## Work order
Please repeat, from the entries that follow, the lines from the one containing "Hummel_Katalog_Teamwear_2024" through the one containing "Scene - 2012 Original Mix" exactly, adding nothing.

::::::::

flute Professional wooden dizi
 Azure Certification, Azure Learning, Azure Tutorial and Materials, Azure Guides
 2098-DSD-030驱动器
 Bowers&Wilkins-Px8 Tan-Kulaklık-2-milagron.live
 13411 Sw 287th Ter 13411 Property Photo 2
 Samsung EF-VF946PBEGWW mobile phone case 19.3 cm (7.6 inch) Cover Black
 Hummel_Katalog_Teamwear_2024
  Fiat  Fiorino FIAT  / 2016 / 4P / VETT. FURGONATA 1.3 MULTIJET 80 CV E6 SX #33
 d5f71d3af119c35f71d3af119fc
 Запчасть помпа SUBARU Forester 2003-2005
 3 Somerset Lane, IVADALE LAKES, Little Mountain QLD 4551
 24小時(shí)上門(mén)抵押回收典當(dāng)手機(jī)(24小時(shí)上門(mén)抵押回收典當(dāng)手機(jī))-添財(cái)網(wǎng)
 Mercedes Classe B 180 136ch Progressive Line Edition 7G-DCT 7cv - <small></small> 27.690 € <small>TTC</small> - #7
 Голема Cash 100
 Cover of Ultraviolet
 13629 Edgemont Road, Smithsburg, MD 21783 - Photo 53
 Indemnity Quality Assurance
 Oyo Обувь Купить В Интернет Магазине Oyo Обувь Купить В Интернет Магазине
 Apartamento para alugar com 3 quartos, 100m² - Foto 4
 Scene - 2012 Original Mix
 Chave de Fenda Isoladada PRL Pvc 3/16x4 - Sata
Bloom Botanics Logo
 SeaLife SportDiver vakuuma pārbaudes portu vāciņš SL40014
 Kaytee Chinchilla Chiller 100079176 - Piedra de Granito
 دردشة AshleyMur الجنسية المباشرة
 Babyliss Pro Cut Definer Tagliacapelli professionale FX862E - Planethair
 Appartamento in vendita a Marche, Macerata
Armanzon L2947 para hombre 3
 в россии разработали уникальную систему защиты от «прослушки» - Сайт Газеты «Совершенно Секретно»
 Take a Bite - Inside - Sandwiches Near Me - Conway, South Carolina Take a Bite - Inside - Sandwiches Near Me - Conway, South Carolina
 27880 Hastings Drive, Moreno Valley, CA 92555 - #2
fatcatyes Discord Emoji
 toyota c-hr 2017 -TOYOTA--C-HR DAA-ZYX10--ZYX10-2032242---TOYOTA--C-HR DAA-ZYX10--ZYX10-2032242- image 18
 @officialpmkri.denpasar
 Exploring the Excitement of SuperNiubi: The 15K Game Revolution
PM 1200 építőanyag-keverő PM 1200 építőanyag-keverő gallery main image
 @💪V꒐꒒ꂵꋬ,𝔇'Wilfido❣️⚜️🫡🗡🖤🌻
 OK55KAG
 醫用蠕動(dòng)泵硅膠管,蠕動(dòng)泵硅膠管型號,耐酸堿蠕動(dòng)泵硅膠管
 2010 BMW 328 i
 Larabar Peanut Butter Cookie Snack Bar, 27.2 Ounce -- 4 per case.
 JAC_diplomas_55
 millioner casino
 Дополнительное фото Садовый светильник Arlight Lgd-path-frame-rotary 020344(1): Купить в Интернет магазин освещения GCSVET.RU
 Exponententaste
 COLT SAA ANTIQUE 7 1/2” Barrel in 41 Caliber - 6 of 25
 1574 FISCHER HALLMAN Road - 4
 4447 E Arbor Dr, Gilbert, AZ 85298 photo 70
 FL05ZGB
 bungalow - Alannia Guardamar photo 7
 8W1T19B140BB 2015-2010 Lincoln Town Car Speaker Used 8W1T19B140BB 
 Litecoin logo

::::::::

## Finished task
 Hummel_Katalog_Teamwear_2024
  Fiat  Fiorino FIAT  / 2016 / 4P / VETT. FURGONATA 1.3 MULTIJET 80 CV E6 SX #33
 d5f71d3af119c35f71d3af119fc
 Запчасть помпа SUBARU Forester 2003-2005
 3 Somerset Lane, IVADALE LAKES, Little Mountain QLD 4551
 24小時(shí)上門(mén)抵押回收典當(dāng)手機(jī)(24小時(shí)上門(mén)抵押回收典當(dāng)手機(jī))-添財(cái)網(wǎng)
 Mercedes Classe B 180 136ch Progressive Line Edition 7G-DCT 7cv - <small></small> 27.690 € <small>TTC</small> - #7
 Голема Cash 100
 Cover of Ultraviolet
 13629 Edgemont Road, Smithsburg, MD 21783 - Photo 53
 Indemnity Quality Assurance
 Oyo Обувь Купить В Интернет Магазине Oyo Обувь Купить В Интернет Магазине
 Apartamento para alugar com 3 quartos, 100m² - Foto 4
 Scene - 2012 Original Mix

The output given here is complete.